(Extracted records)
※ ※ ※

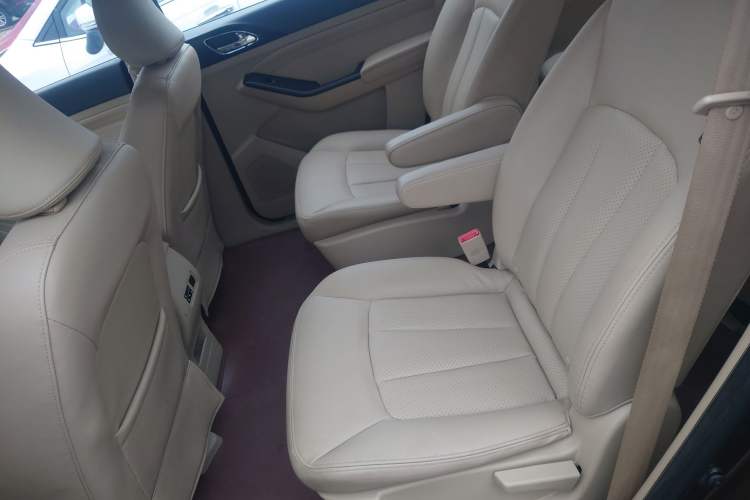 Used Baojun 730 2014 1.5L manual Comfort ESP version 7 seats
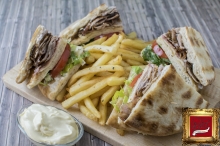 Πίτα Club Καλαμάκι Κοτόπουλο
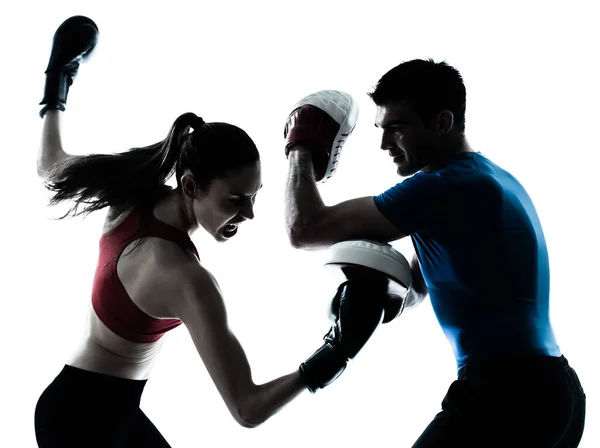 Entrenador Personal Hombre Entrenador Mujer Ejercicio Boxeo Silueta Estudio Aislado — Foto de Stock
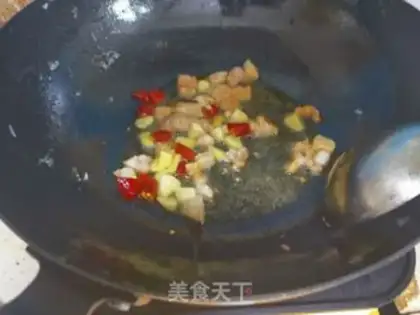 Make Dry-burned carp step 6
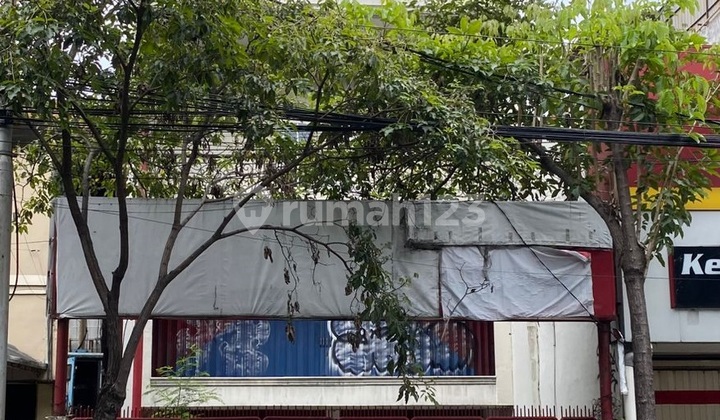 For Sale: Strategic Kertajaya Main Street Shop House, Zero Road Frontage For Sale: Strategic Kertajaya Main Street Shop House, Zero Road Frontage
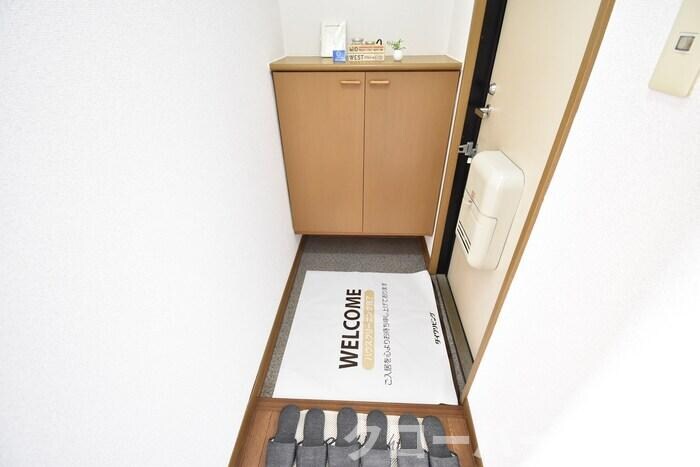 物件内観写真12　(玄関)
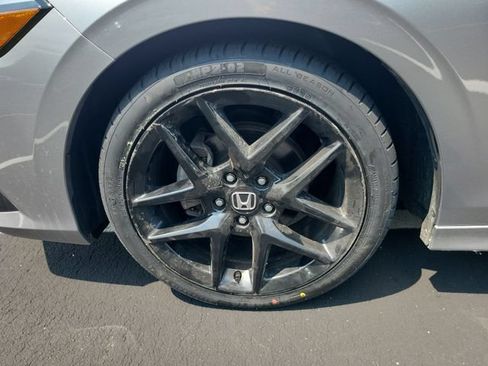 Used 2023 Honda Civic Sport image 17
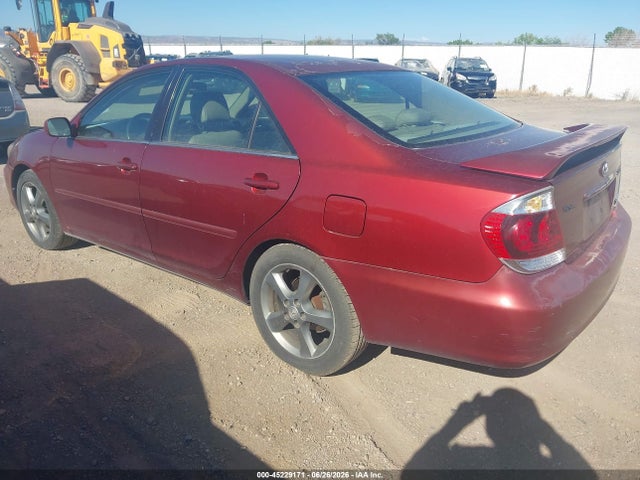 2005 Toyota Camry Se V6 მანქანა იყიდება აუქციონზე, vin: 4T1BA30K95U506544, აუქციონის ნომერი: 45229171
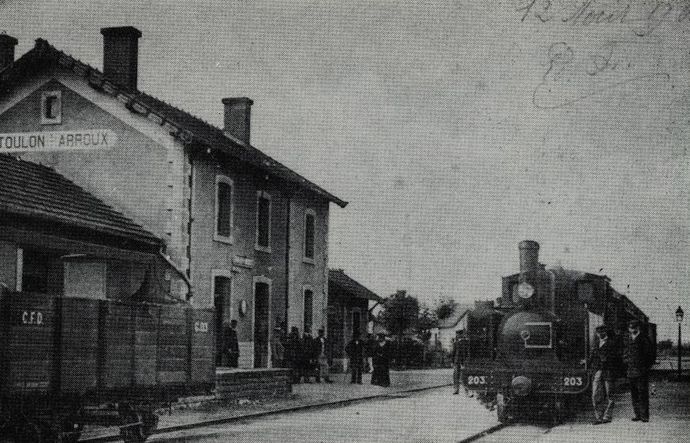 Train leaving for Etang at Toulon-sur-Arroux station. In the foreground, a dumper wagon with a Gf lookout. (Collection J. RENAUD)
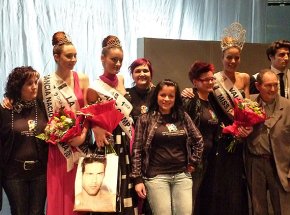 La perruquera Cristina Cerrato i el gremi de Tarragona pentinen una vuitantena de candidats a Miss i Mister Nació Catalana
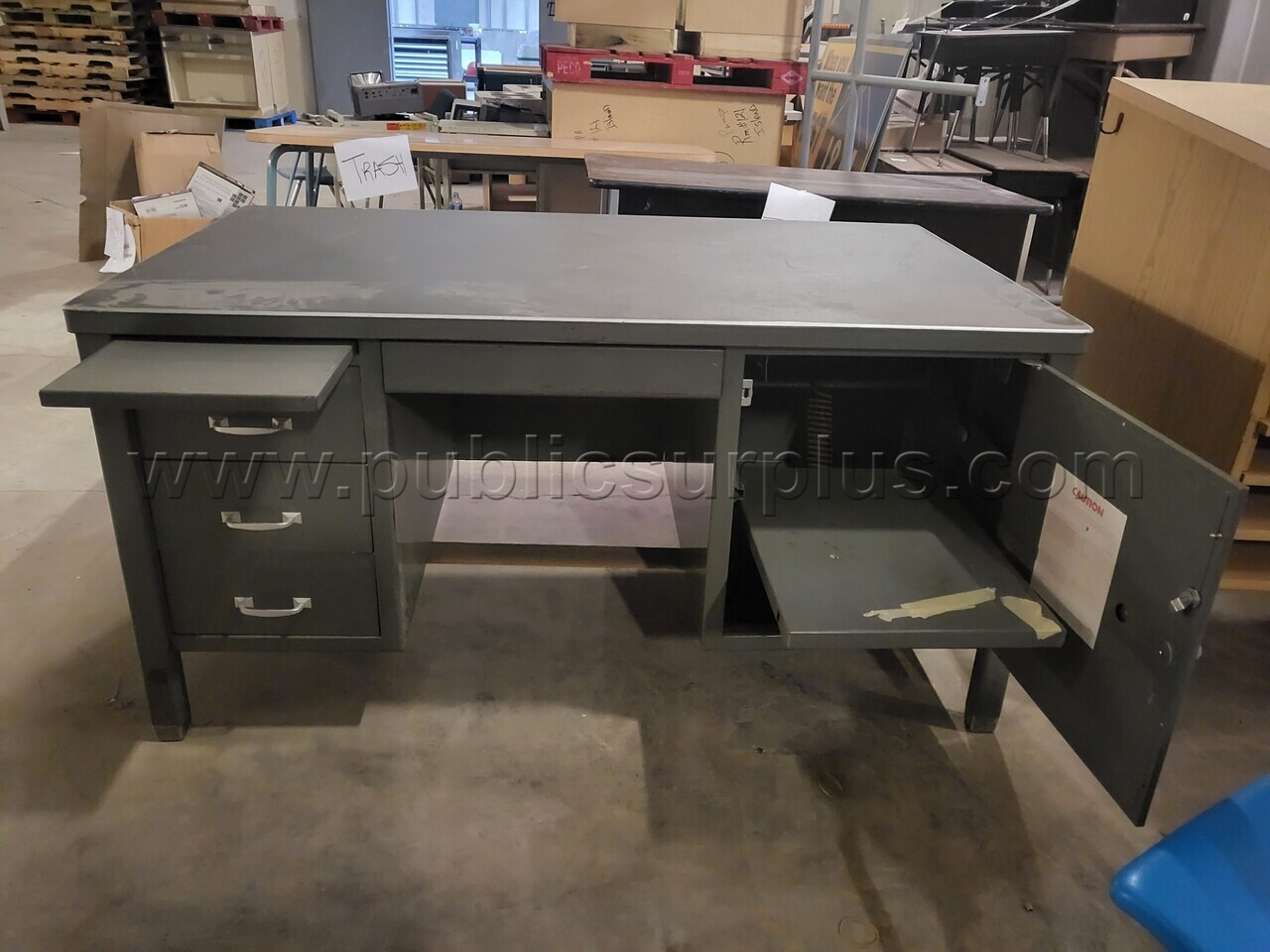 Heavy-Duty Metal Office Desk   Government Surplus Auction - Photo #2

※ ※ ※

## [What is expected]
The records above need to be restated word for word, with the pictures left out.

## [Worked solution]
 Used Baojun 730 2014 1.5L manual Comfort ESP version 7 seats
 Πίτα Club Καλαμάκι Κοτόπουλο
 Entrenador Personal Hombre Entrenador Mujer Ejercicio Boxeo Silueta Estudio Aislado — Foto de Stock
 Make Dry-burned carp step 6
 For Sale: Strategic Kertajaya Main Street Shop House, Zero Road Frontage For Sale: Strategic Kertajaya Main Street Shop House, Zero Road Frontage
 物件内観写真12　(玄関)
 Used 2023 Honda Civic Sport image 17
 2005 Toyota Camry Se V6 მანქანა იყიდება აუქციონზე, vin: 4T1BA30K95U506544, აუქციონის ნომერი: 45229171
 Train leaving for Etang at Toulon-sur-Arroux station. In the foreground, a dumper wagon with a Gf lookout. (Collection J. RENAUD)
 La perruquera Cristina Cerrato i el gremi de Tarragona pentinen una vuitantena de candidats a Miss i Mister Nació Catalana
 Heavy-Duty Metal Office Desk   Government Surplus Auction - Photo #2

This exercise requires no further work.